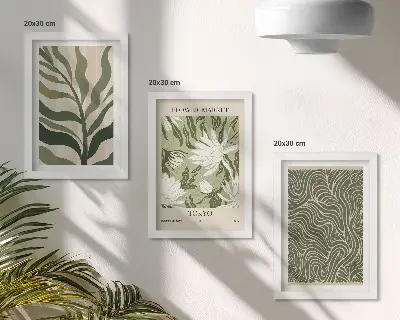 Sada obrazov do obývačky s rastlinnými vzormi a botanickými dekoráciami v boho štýle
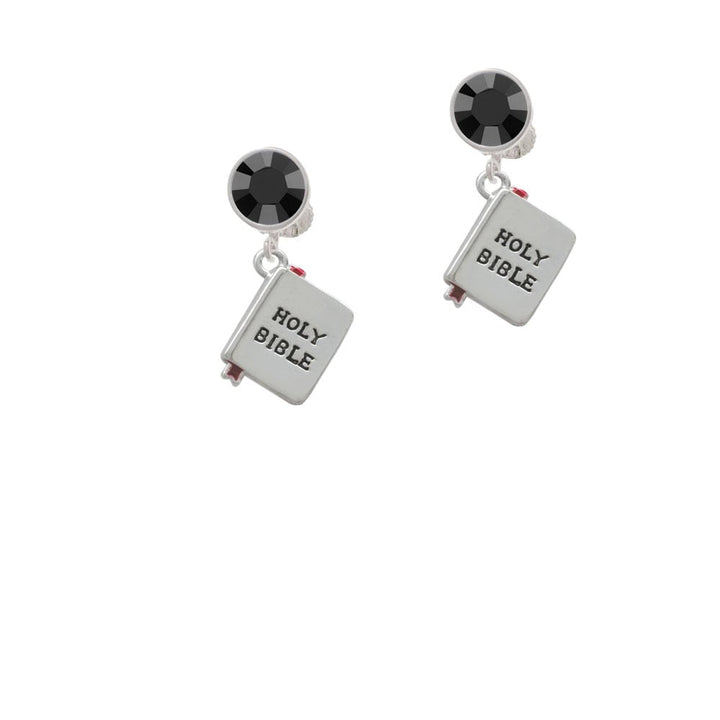 Bible with Cross Crystal Clip On Earrings Image 1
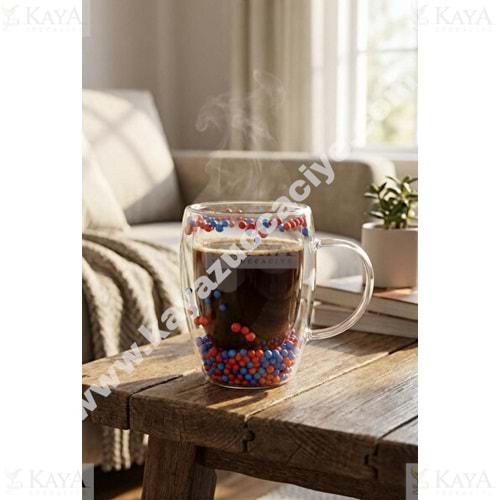 SVR CİDARLI BONCUKLU CAM BARDAK 350 ML 1*100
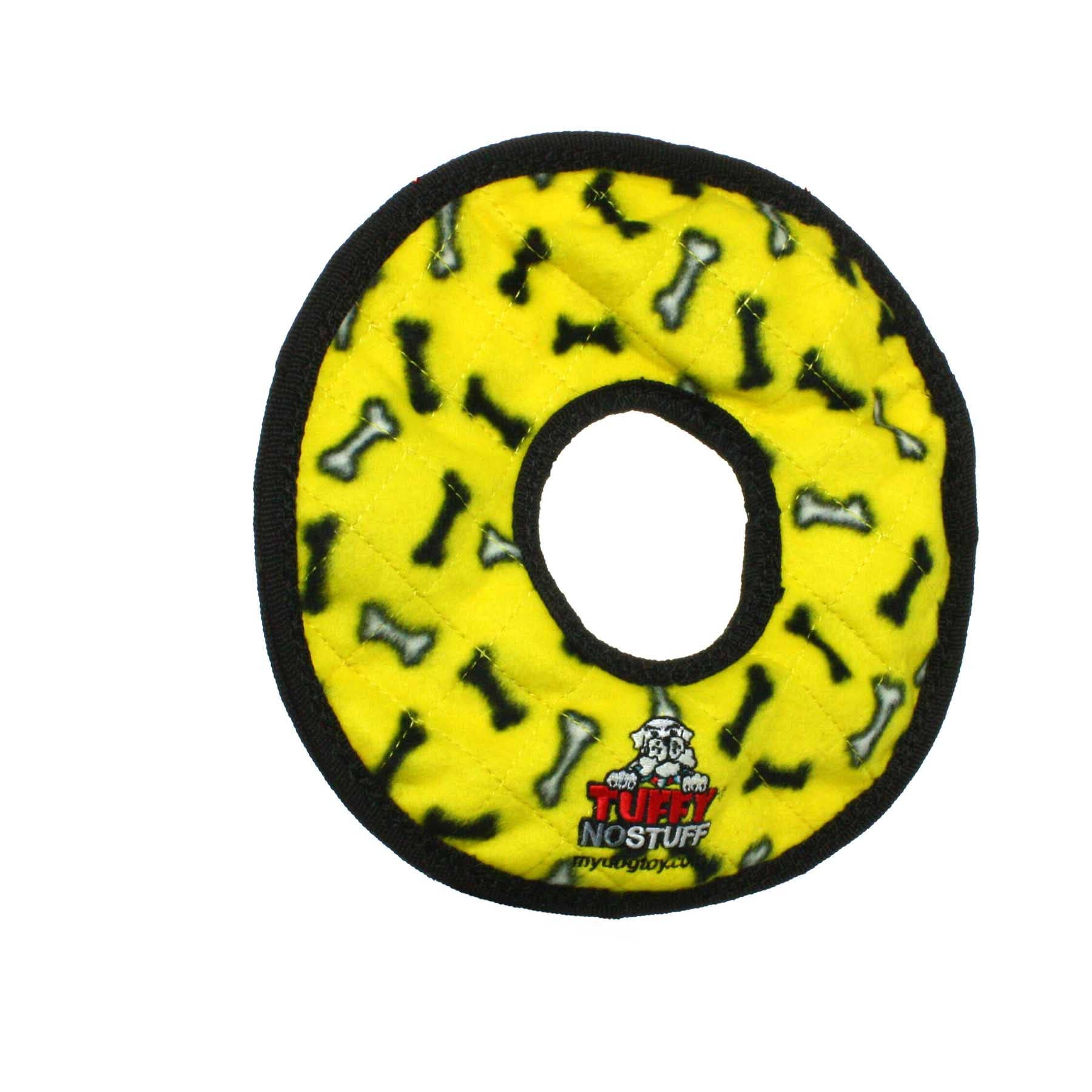 Tuffy Dog Toys - VIP Products - Tuffy No Stuff Ultimate Ring - Yellow, Squeaky Dog Toy - Doot's Pet LLC Collars For A Cause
***
> Instructions to follow
Return only the lines from the one that contains "SVR CİDARLI BONCUKLU CAM BARDAK 350 ML 1*100" through the closing line of the data, inclusive, reproduced exactly and with every picture left out.

> Answer box
 SVR CİDARLI BONCUKLU CAM BARDAK 350 ML 1*100
 Tuffy Dog Toys - VIP Products - Tuffy No Stuff Ultimate Ring - Yellow, Squeaky Dog Toy - Doot's Pet LLC Collars For A Cause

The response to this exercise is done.